• [Problem requirements]: Print the lines from the one containing "Kingfun Adjustable Trailer" through the end of the material below, both included, exactly as they appear and without pictures.

• [Material provided]:
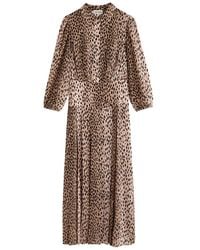 RIXO London - Izzy Leopard-Print Woven Midi Shirt Dress - Lyst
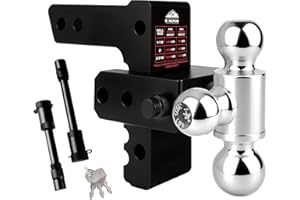 Kingfun Adjustable Trailer Hitch - Fits 2 Inch Receiver, Tri-Ball (1-7/8" X 2" X 2-5/16") 6-Inch Rise/Drop Hitch, 12500 Lbs Gtw Heavy Duty Aluminum Truck Tow Hitch with Anti-Theft Pins (Black)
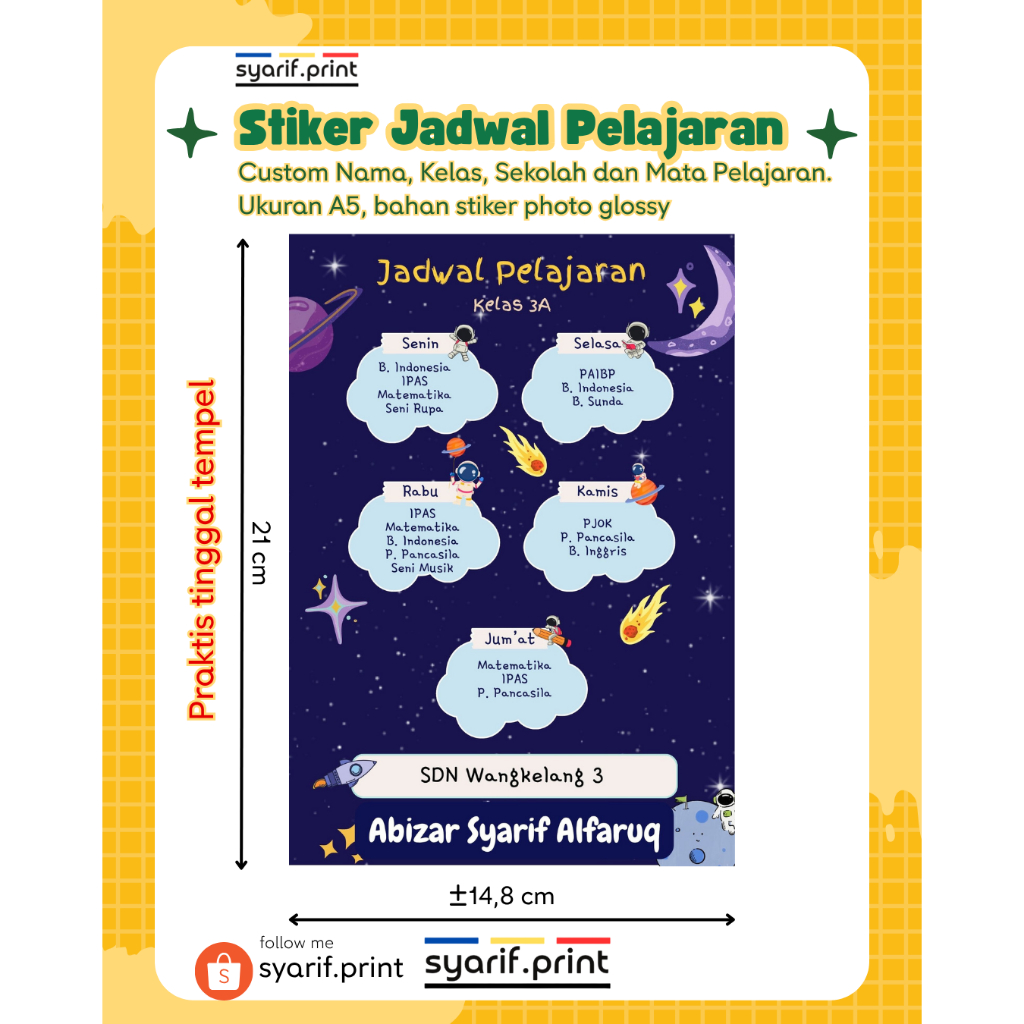 

Stiker Jadwal Pelajaran Praktis Tinggal Tempel Ukuran A5 custom nama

• [Answer space]:
 Kingfun Adjustable Trailer Hitch - Fits 2 Inch Receiver, Tri-Ball (1-7/8" X 2" X 2-5/16") 6-Inch Rise/Drop Hitch, 12500 Lbs Gtw Heavy Duty Aluminum Truck Tow Hitch with Anti-Theft Pins (Black)

Stiker Jadwal Pelajaran Praktis Tinggal Tempel Ukuran A5 custom nama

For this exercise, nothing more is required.